The answer must give back every line of the data exactly, with no pictures.

» Dataset excerpt:
»»

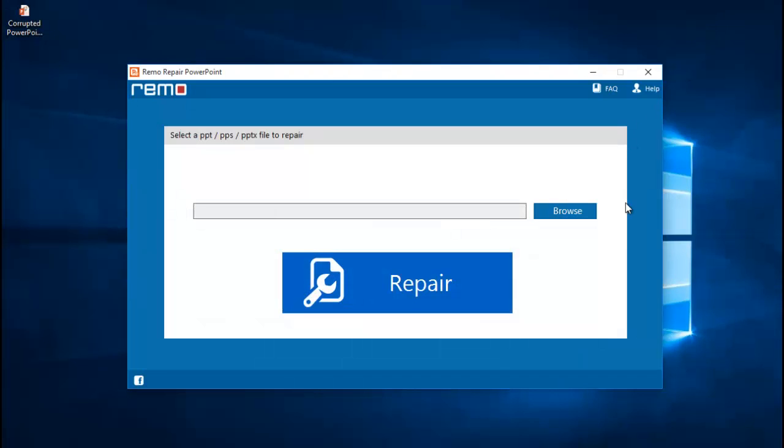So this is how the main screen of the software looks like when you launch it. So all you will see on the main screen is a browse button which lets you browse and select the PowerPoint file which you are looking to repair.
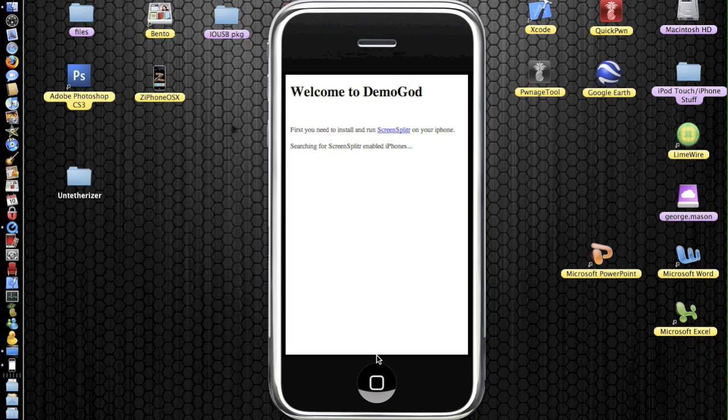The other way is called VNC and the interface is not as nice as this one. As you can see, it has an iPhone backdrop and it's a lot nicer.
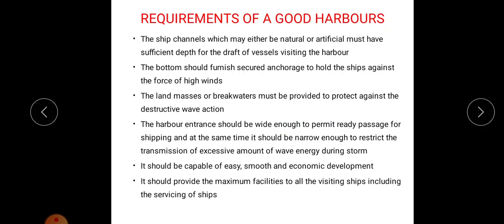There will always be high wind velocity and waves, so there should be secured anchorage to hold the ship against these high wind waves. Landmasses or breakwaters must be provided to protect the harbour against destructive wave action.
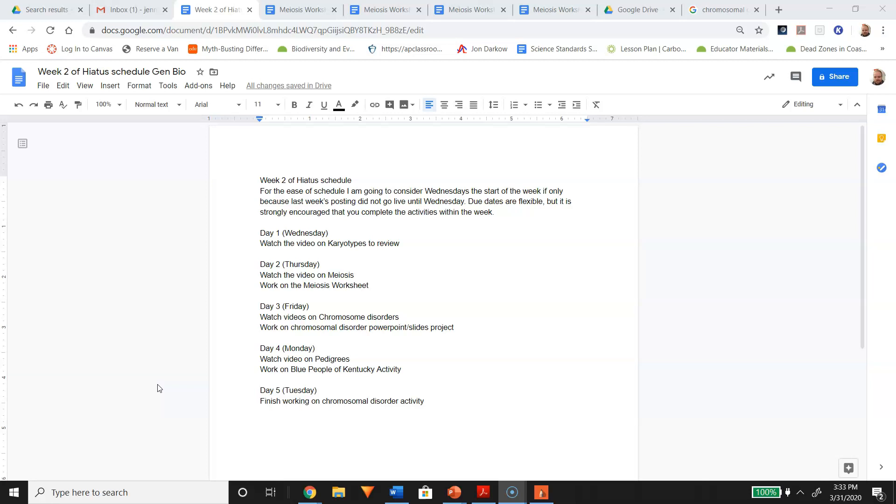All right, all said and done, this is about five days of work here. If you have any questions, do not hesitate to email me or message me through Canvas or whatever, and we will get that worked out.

««

» Task response:
So this is how the main screen of the software looks like when you launch it. So all you will see on the main screen is a browse button which lets you browse and select the PowerPoint file which you are looking to repair.
The other way is called VNC and the interface is not as nice as this one. As you can see, it has an iPhone backdrop and it's a lot nicer.
There will always be high wind velocity and waves, so there should be secured anchorage to hold the ship against these high wind waves. Landmasses or breakwaters must be provided to protect the harbour against destructive wave action.
All right, all said and done, this is about five days of work here. If you have any questions, do not hesitate to email me or message me through Canvas or whatever, and we will get that worked out.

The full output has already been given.